Anne Sewell Young (January 2, 1871 – August 15, 1961) was an American astronomer. She was an astronomy professor at Mount Holyoke College for 37 years.

Biography
Anne Sewell Young was born in Bloomington, Wisconsin on January 2, 1871, to Reverend Albert Adams Young and Mary Sewell.

She earned a B.L. from Minnesota's Carleton College in 1892. She then went to Walla Walla, Washington and taught mathematics at Whitman College for three years before returning to Carleton, earning her M.S. in 1897. She earned her Ph.D. from Columbia University in 1906. Her dissertation assessed measurements of early photographs and determined that the constellation Perseus had twice as many stars as previously thought.

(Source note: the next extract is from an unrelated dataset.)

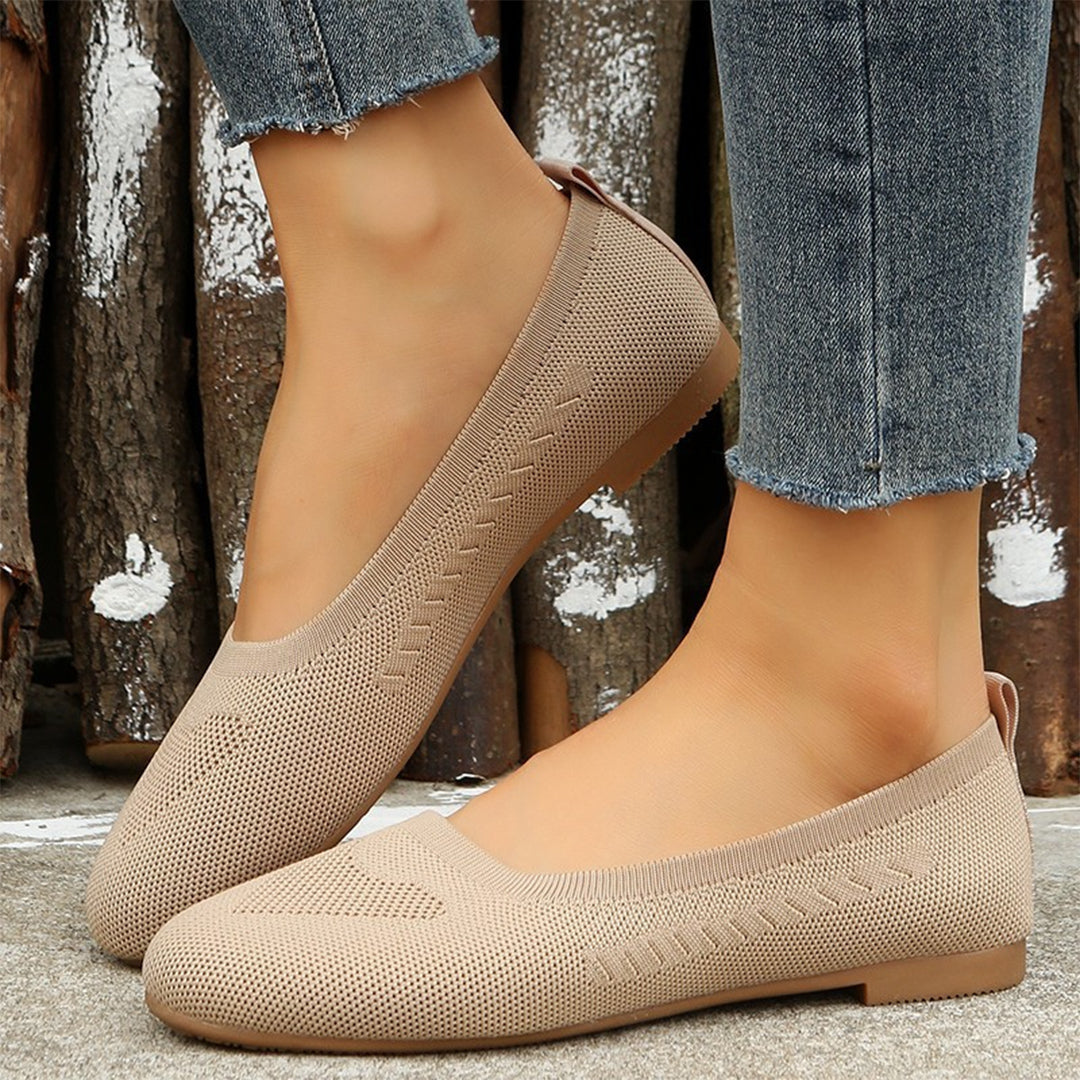 AMAIA - Casual summer slip-on shoes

Young started her career at Mount Holyoke College in 1898. She was appointed director of the John Payson Williston Observatory, where she supervised an observational program tracking sunspots. She organized events at the observatory for Mount Holyoke students and in 1925 arranged for the student body to take the train to central Connecticut to observe the total solar eclipse. In 1929, Young identified the comet 31P/Schwassmann–Wachmann with an object that had been misidentified as the minor planet "Adelaide" (A904 EB) in 1904.

Young had a pronounced interest in variable stars and corresponded on the subject with Edward Charles Pickering, director of the Harvard College Observatory. She was one of the eight founding members of the American Association of Variable Star Observers  (AAVSO) and contributed over 6,500 variable star observations to the organization. She was elected the organization's President in 1923.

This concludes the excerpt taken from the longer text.